Moderna COVID-19 vaccine could provide another effective tool to protect teens, experts say

Moderna says its vaccine is highly effective in protecting younger teens from 12 to 17 years old from developing symptoms of the coronavirus

The company plans to submit its study data to the U.S. Food and Drug Administration for review early next month.

Right now, the Pfizer vaccine is the only one approved for teens and tweens as young as 12.

If the FDA authorizes the Moderna vaccine for teens 12 to 17, Dr. Andi Shane, chief of pediatric infectious diseases at Emory School of Medicine and medical director of infectious disease at Children’s Healthcare of Atlanta says the US will have two similar tools to protect teens.

RELATED: US reaches 50% of adults fully vaccinated against COVID-19, CDC data says

"So, this really provides us hope for the summer season, for camps, for getting back to school," Dr. Shane says.

She likens to the vaccines, which both use mRNA technology to trigger an immune response and required two doses, to "Coke and Pepsi."

"They're basically the same, have the same effect, the same result, have very similar efficacies and safety profiles as we've seen in adults," Dr. Shane says. "What this does, though, is give us an opportunity to increase the supply of vaccines, especially in this age group." 

Moderna says its vaccine proved 100% effective in a clinical trial of nearly 4,000 young volunteers, with similar side effects to those seen in adults.

The promising news comes as the CDC is investigating a small number of reports of heart muscle inflammation, known as myocarditis, in teens and young adults.

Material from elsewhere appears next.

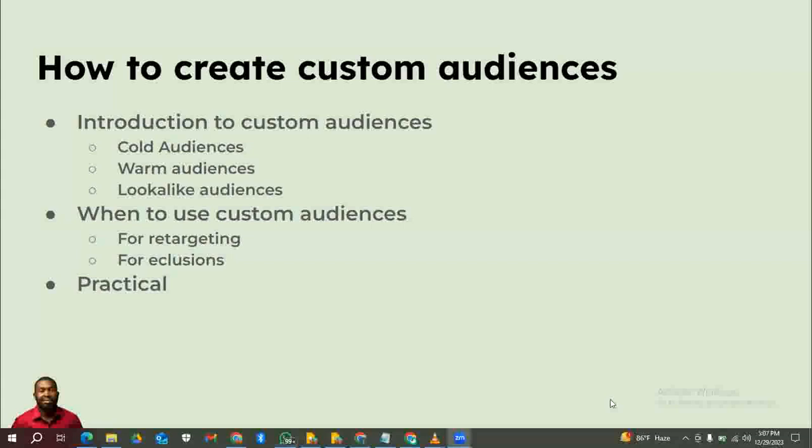A warm audience is basically people who have at least interacted with your brand before. They could have interacted with your ad, they could have seen a post from you — basically they know you exist and they know you sell cakes, or whatever it is you sell. They could be people who like your Facebook page; they know you sell cakes, they like your page because you post awesome content.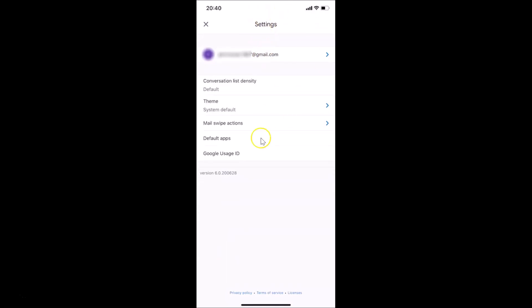You can see the Settings screen is opened and I only have one account added here. If you have more than one account, go to the account for which you want to disable the Google Meet tab and tap on it to open it. I want to disable it for this account, so let me tap on it.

The agency says most were male, and developed symptoms within four days of receiving their second dose of an mRNA vaccine.

Dr. Shane says they typically experienced chest pain.

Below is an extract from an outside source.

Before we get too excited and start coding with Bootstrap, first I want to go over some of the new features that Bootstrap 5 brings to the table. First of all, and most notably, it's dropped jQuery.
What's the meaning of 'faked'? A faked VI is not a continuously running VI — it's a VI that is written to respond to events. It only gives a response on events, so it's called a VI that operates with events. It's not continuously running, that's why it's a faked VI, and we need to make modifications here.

"Some children have been hospitalized and have required anti-inflammatories, steroids and intravenous immunoglobulin, or other products that are used to help to decrease the inflammation," Shane says.  "The reassuring part of this is that most of the children have responded very well to very brief hospitalizations and anti-inflammatories and continue to do well."

The CDC has not linked the heart problems to the vaccine, and Dr. Shane says, it is not clear what is causing the inflammation.

"You have to remember we're giving millions of doses of the vaccines," she says.  "So, we are going to experience some adverse effects.  The question is whether those adverse effects are greater than the baseline population."

Shane says myocarditis can be triggered by many things, including viral infections. 

The CDC encourages teens age 12 and older to get vaccinated against SARS-CoV-2.